# Your instructions
From the line containing "Textile Scrap" onward, every line of the entries is to be set down exactly, the last line included.

# Input material
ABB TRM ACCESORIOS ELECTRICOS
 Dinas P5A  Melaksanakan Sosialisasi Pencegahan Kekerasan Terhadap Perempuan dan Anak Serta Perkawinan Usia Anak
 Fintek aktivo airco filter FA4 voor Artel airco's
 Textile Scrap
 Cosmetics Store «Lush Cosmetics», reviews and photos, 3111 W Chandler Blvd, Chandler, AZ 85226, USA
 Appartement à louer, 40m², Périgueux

# Output for this exercise
 Textile Scrap
 Cosmetics Store «Lush Cosmetics», reviews and photos, 3111 W Chandler Blvd, Chandler, AZ 85226, USA
 Appartement à louer, 40m², Périgueux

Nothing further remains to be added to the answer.